You’re not just competing with other companies. You’re also competing with the ease of online shopping and skyboxes.
You’re competing with people’s frustration when they see that stores are crammed with shoppers.
So helpful customer service can differentiate your brand for savvy customers.
I’m assuming that if you’re still reading this article, it means that you care about customer service. You don’t use the excuse – “Trinis don’t boycott anything, and will still buy from us… even if our service is bad.”
So… how can you ensure that you deliver the type of service that impresses people?
Here are some tips.
1. Think like new customers
Richard Branson once said, “You can never go too far wrong by thinking like a customer who’s new to the business.”
Ask yourself, how do new customers view your brand? What would impress them? Anticipate their needs. See your business through their eyes.
2. Think long term
In retail, it’s easy to focus on short-term sales targets. Your company wants to make a profit during peak times like Christmas, Carnival, and Valentine’s Day (when the latter isn’t upstaged by Carnival). Your employees want their commission. That’s understandable.
However, pay attention to future customers.
Respect people who came to browse, but can’t buy now. Maybe they aren’t ready to purchase just yet, because they’re considering different options. How you treat them will determine if they’ll return to your store/company.

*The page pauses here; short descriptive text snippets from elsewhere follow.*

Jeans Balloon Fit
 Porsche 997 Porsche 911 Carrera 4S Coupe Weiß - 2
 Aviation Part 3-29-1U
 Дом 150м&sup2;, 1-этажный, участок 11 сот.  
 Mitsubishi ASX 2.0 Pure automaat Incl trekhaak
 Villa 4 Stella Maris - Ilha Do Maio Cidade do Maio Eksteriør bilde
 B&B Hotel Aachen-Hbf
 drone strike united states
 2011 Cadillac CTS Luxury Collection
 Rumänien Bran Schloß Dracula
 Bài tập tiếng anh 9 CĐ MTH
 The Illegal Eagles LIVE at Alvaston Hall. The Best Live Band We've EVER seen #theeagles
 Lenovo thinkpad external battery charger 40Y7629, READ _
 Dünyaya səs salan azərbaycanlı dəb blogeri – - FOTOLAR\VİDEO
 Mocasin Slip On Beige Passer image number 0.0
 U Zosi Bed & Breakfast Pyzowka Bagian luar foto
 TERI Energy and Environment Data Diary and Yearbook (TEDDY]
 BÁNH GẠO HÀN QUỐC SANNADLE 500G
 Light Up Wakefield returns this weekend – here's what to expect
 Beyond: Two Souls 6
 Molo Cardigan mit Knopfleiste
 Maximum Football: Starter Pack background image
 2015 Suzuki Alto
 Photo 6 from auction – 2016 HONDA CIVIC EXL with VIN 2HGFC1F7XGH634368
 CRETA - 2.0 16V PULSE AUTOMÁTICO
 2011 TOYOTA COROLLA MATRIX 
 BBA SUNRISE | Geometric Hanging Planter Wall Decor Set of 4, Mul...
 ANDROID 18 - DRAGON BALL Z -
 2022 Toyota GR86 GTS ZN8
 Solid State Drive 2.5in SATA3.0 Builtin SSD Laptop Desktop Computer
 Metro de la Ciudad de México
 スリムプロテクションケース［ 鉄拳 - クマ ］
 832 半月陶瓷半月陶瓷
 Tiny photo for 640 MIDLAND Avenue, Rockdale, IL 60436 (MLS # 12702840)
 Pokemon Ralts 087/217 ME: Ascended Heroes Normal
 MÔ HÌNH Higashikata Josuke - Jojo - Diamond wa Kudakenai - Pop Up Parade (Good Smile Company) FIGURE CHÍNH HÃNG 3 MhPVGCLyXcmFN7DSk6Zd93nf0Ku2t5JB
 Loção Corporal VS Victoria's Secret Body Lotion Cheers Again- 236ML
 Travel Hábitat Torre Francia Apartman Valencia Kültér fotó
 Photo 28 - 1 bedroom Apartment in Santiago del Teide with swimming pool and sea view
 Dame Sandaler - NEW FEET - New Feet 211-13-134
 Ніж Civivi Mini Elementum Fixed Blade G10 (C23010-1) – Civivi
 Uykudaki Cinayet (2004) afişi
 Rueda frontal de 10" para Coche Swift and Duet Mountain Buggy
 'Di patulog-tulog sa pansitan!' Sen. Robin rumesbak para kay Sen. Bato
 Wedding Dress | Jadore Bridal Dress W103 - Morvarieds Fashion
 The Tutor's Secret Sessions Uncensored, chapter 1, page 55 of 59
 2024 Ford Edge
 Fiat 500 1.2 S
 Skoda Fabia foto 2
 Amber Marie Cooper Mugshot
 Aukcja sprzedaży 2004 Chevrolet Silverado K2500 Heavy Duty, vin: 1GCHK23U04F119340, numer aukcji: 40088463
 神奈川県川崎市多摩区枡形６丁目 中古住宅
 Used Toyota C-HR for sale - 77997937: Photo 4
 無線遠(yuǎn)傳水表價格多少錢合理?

3. Help people to make decisions
Some of us enter a store with every intention of racking up our credit card debt. However, we’re not sure about what we want to buy.
Be willing to help.
Help customers to make a decision. You know the product better, so use your knowledge to help them decide what’s the best buy.
Help them to feel confident about their purchase. You don’t want 80% of your customers to have buyer’s remorse.
4. Don’t rush customers
While being attentive is important, please… don’t rush people, as they enter the store. This can ‘turn off’ prospective customers.
Allow the person to look around for a few moments, then ask if they need help. And floor managers, stop telling salespersons to approach the customer immediately. I know you want the sale, but timing is important.
5. Treat customers equally
Never forget… just because someone is dressed simply, that doesn’t mean that their pockets aren’t deep. Don’t approach the rich-looking customer, and ignore the person who you think can’t afford to buy that fancy dress in your showcase. You might miss out on making a huge sale.
6. Man your social media accounts
During peak sales seasons, customers tend to go online looking for information. Most times, they want that information directly from you.
If you have a Twitter account or Facebook page, be sure to check it to see if customers are making enquiries. Yes, even if you don’t update it frequently.
It also wouldn’t hurt to post an update or two, per week, so that when customers visit your timeline, they know that an administrator logs into the account, and will answer their questions.
7. Increase staff for peak seasons
Don’t hire one cashier, who will be overworked, when you know you’ll have heavy in-store traffic.
Increase your staff to make the shopping experience seamless and pleasant. This also prevents the lone employee on the floor from feeling overly stressed, and taking that stress out on customers.
8. Give employees power
Power to make decisions. Power to know they can use their initiative. This will improve their ability to negotiate with customers.
9. Don’t take customers’ behaviour personally
Customers don’t hate service staff. They hate their bad attitudes, slow service, and your company’s poor processes.
They’re stressed out, and bad customer service agitates them further.
Look for the pain or emotion behind people’s anger. Try to establish a rapport. Understand that they’re venting.
I know that some people can be unreasonable, but don’t respond to rudeness with rudeness. Stay calm, be firm, and be respectful. Staying calm keeps you in control of the situation.
If you can’t give them what they want, firmly, but kindly, show them that you understand their viewpoint, but that you need to operate within store policies.
Sometimes, showing a bit of empathy is all it takes for the customer to decide to ‘cool down’, and co-operate.
10. Use the right words
How your employees speak is a part of your brand. People associate your brand with the people who work for you.
Teach employees the value of diction. Their words affect people.
For example, instead of telling a customer, “You owe us_______”, they could try, “Our records show a balance of_____.”
That’s a more positive and persuasive approach.
11. Keep it simple and friendly
Customers just want your attention for thirty seconds or five minutes. Be personable, and show that you care about their needs.
Basically, treat them how you would like to be treated as a customer.
Customer service – at its core – is all about courtesy and consideration. Attract people, and earn their loyalty. Work on your systems, and your smiles.
Customers in Trinidad and Tobago might not always demand great service, but that doesn’t mean they don’t deserve it.